Sam Lahoud, fondateur et directeur du Festival des femmes du cinéma de Beyrouth. Photo DR
Malgré les crises successives et les guerres qui frappent le Liban – en particulier les femmes, souvent maillon faible en temps de danger –, le Festival des femmes du cinéma entame aujourd’hui sa huitième édition. Mieux encore, il s’élargit, séduit un public plus large, aborde une diversité croissante de thématiques humaines et artistiques, et attire une sélection prestigieuse de films arabes et internationaux primés.
L’Orient-Le Jour a rencontré Sam Lahoud, fondateur et directeur du festival, pour évoquer cette édition, l’hommage rendu à l’actrice tunisienne Hend Sabri, et le rôle d’un événement qui milite pour un cinéma engagé en faveur des femmes.
Commençons par votre slogan, « Femmes pour le leadership ». Pourquoi le conserver année après année, alors que d’autres festivals changent de slogan à chaque édition ? Ne pensez-vous pas qu’il aurait fallu en changer après les lourdes épreuves subies récemment par les femmes libanaises ?
Bien sûr, nous y avons réfléchi. Mais nous estimons que l’un des défis majeurs de notre société reste la monopolisation du leadership par les hommes dans la sphère publique. Certes, les femmes dirigent avec brio des secteurs comme l’éducation, le commerce, l’ingénierie, le tourisme ou la médecine. Mais dans la sphère politique, leur présence demeure limitée : elles représentent souvent un homme – en tant qu’épouse ou fille de leader – sans mener véritablement leur propre trajectoire. Au festival et à la Beirut Film Society, nous croyons que l’accès des femmes aux postes de décision est essentiel pour impulser un changement, notamment au niveau législatif, exécutif et militaire. Peut-être envisagerons-nous un nouveau slogan si un véritable tournant s’opère sur le terrain. Pour l’heure, notre politique de sélection reste axée sur les portraits de femmes créatrices, leaders et progressistes, plutôt que sur des figures de victimes ou de passivité. Notre affiche incarne cet engagement, en mettant à l’honneur Zaynab Fawaz (1860-1914), pionnière de l’émancipation féminine.

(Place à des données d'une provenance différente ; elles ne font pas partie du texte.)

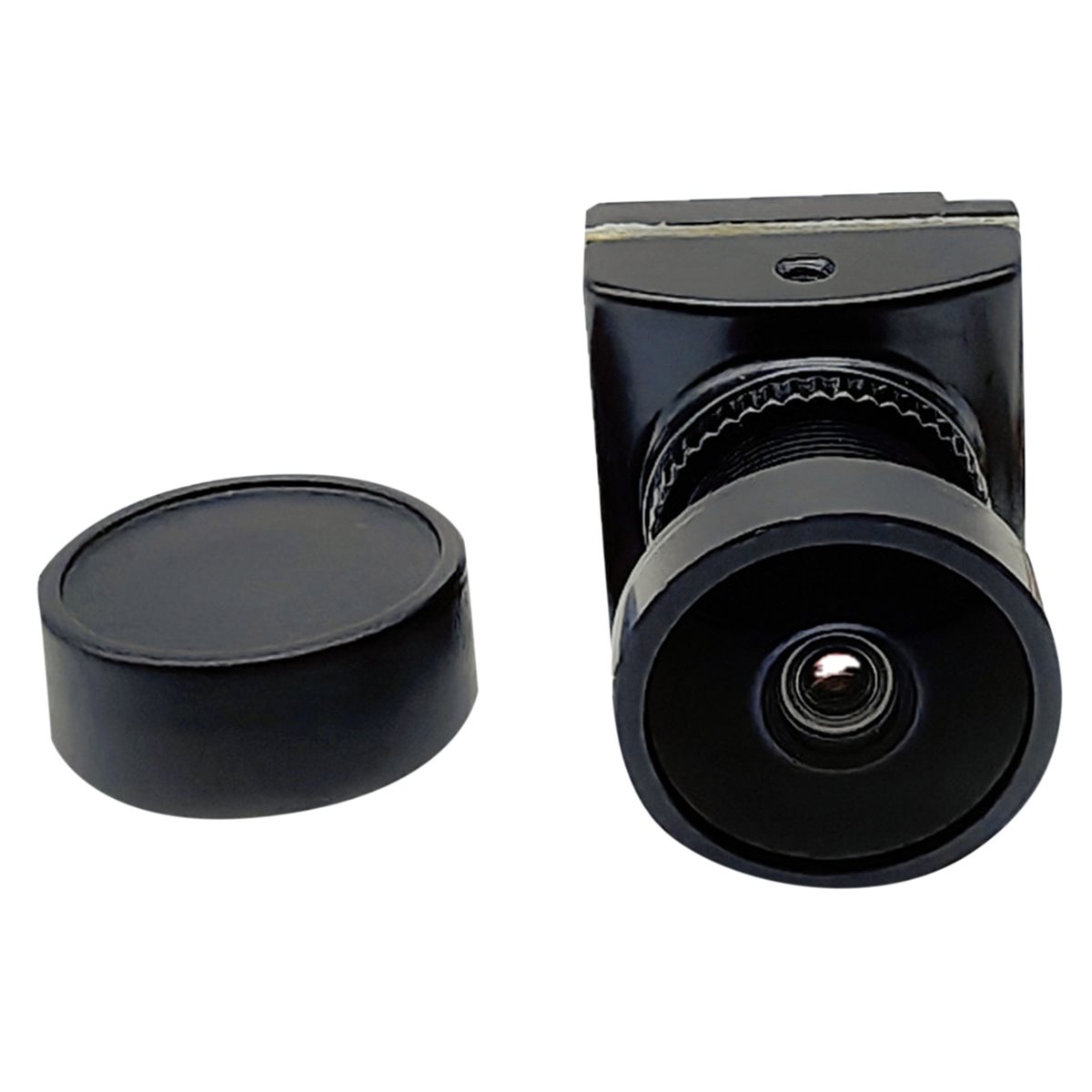 2026 New 1800TVL FPV Camera 16 - Drone Rc Fpv Manual 评论和价格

L’affiche, dominée par des nuances de violet, porte de multiples symboliques : équilibre, passion, douleur, mystère... Quel sens avez-vous choisi pour représenter votre festival ? Et pourquoi avoir choisi Zaynab Fawaz ?
Zaynab Fawaz incarne pleinement notre philosophie. Elle a forgé son destin, brisé les normes sociales du XIXᵉ siècle, et ouvert la voie à d’autres femmes libanaises et arabes. L’affiche, créée par l’artiste Najwa Mallah, illustre une transition : du chaos vers le renouveau.
Notre logo originel – la déesse phénicienne Tanit, protectrice et symbole de fertilité – a cette année été fusionné avec l’image de Zaynab Fawaz, dans un style épuré mêlant destruction (fumée, ruines) et espoir (fleurs violettes, lumière).
Le Liban a traversé des crises majeures entre 2019 et aujourd’hui, du soulèvement populaire à la guerre. Comment cela se reflète-t-il dans les films libanais sélectionnés ? Et quels thèmes dominent plus largement ?
Notre visuel reflète déjà fidèlement ce que traverse le Liban. Beaucoup de films libanais racontent des parcours de femmes oscillant entre douleur, résilience et espoir, tentant de reconstruire au-delà des ruines. Zaynab Fawaz, originaire du Liban-Sud – une région marquée par les guerres et les déplacements – incarne cet esprit. Dans notre programmation, de nombreux documentaires libanais abordent directement ou indirectement les crises économiques, l’explosion au port, la guerre, ou encore l’émigration. Un exemple marquant : Yalla baba d’Angie Obeid, qui suit le voyage émouvant d’une fille et de son père, de Bruxelles à Beyrouth, entre souvenirs et redécouverte du pays natal.
À l’international, les thématiques font écho aux réalités libanaises : égalité des sexes, écologie, migration, famille, identité, paix.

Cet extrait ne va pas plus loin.